The guy should of got a slap, and I would of said in a big loud voice, "Can you please keep your hands off my breasts, once I forgive as a mistake, now you are just being a perv". Mind you, my dp would of beaten him unconcious and broken his arm.

cardigan · 12/11/2004 22:34

Tell him that next time your dh will be talking to him about this - or if he prefers your bf. Change solicitors.

Rowlers · 12/11/2004 22:38

Agree with Cardigan, was just going to say, change solicitors. And let DH explain to this pig why you are changing solicitors, in a meeting, just the two of them. Wonder how he would react?

blueteddy · 12/11/2004 22:41

Hmmmm, he is definatly being pervy imo.
I would not tell your friend about this as it would upset her.
Not suprised DH was unhappy though!
Something similar happened 2 me once while I was baby sitting 4 my parents friends.
Only thing was, I was 15 at the time!
Makes me feel sick 2 this day.

WideWebWitch · 13/11/2004 07:28

Crystaltips, what a horrible man. In your position I think I'd either get my dh to ring him or I'd ring him and make it very clear your dh knows and is standing there. How DARE he?! And definitely change solitictors, don't agree to any meetings on your own with him. I'd try not to tell the friend unless she asks but I think if she did I'd tell the truth. She was there wasn't she? Didn't she notice?

beetroot · 13/11/2004 09:40

This reply has been deleted

Message withdrawn

acer · 13/11/2004 10:32

Just call him and tell him your not interested, don't tell your friend, she won't thank you for it. Get another solicitor, anyone asks why, tell them.

carla · 13/11/2004 10:48

God, it's sooo boring of him. Don't say anything to your friend. But change your solicitor. XXXX And hugsxxxx

Freckle · 13/11/2004 10:59

You could always intimate that you might be involving the police as this was a sexual assault.
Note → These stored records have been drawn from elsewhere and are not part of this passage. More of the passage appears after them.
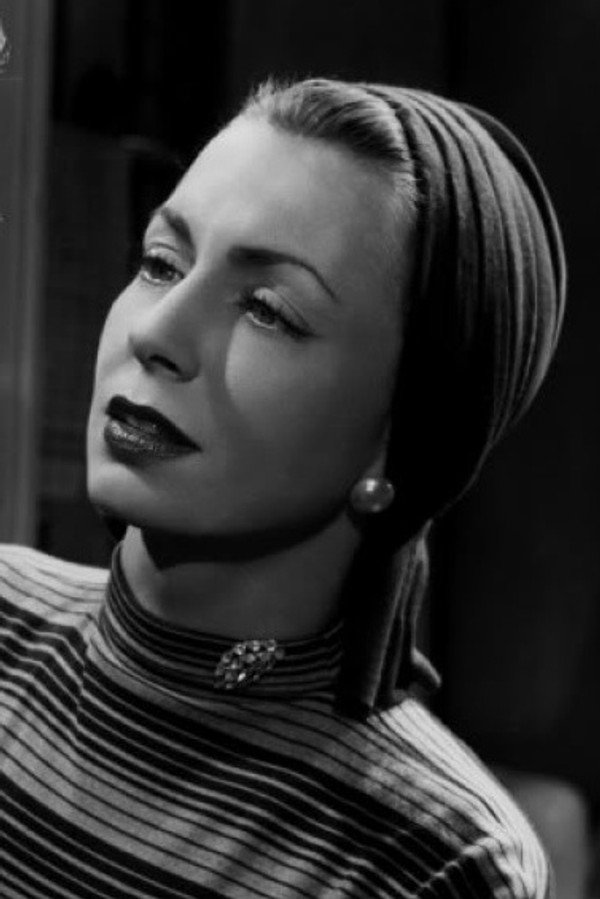Élina Labourdette's headshot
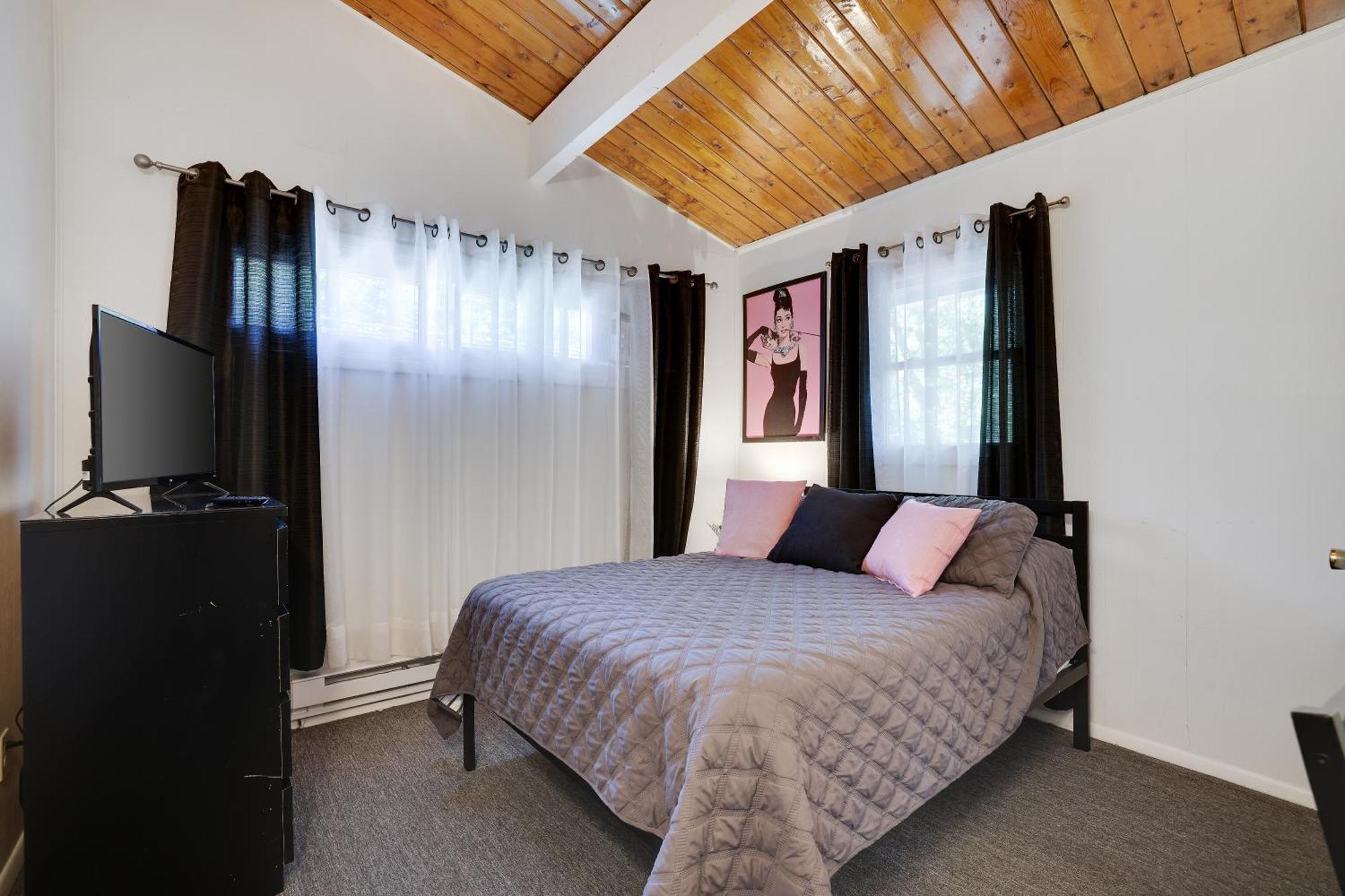 Chic And Stylish Hot Tub,4 Bedrooms, Game Movie Room, Firepit, Arcades, Playground On Site 2 Min Walk From Pool And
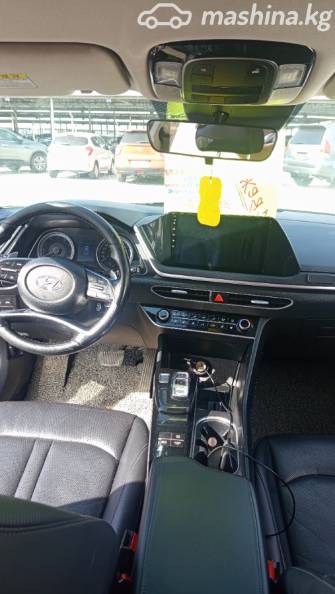 Hyundai Sonata VIII (DN8) 2.0 AT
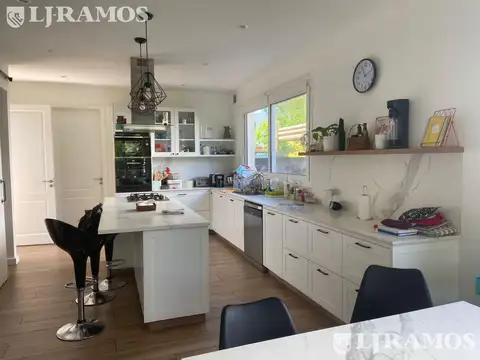Casa en Alquiler Temporal en La Horqueta, USD 3.200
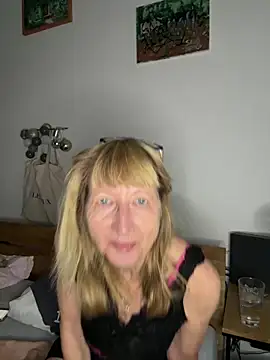 MatureKim online show from 05/11/26, 06:49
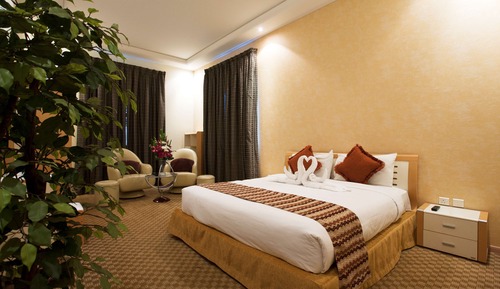 Suite, 3 Bedrooms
As a solicitor this should put the wind up him as he could lose his job if he has a criminal conviction.

MarsLady · 13/11/2004 11:19

change your solicitor and if the perv tries to say that you can't tell him you'll report him to the law society (or whatever body it is that he belongs to}. Are you sure you don't want some of us mns to go and give him a slap. Ooh, men like that make my blood boil

Miriam2004 · 13/11/2004 12:32

Crystaltips: Whatever advice you choose to take from this, make sure you're not alone with him again, even momentarily.

Personally I agree with Freckles - this DOES count as sexual assault and mentioning the police to him should make a difference.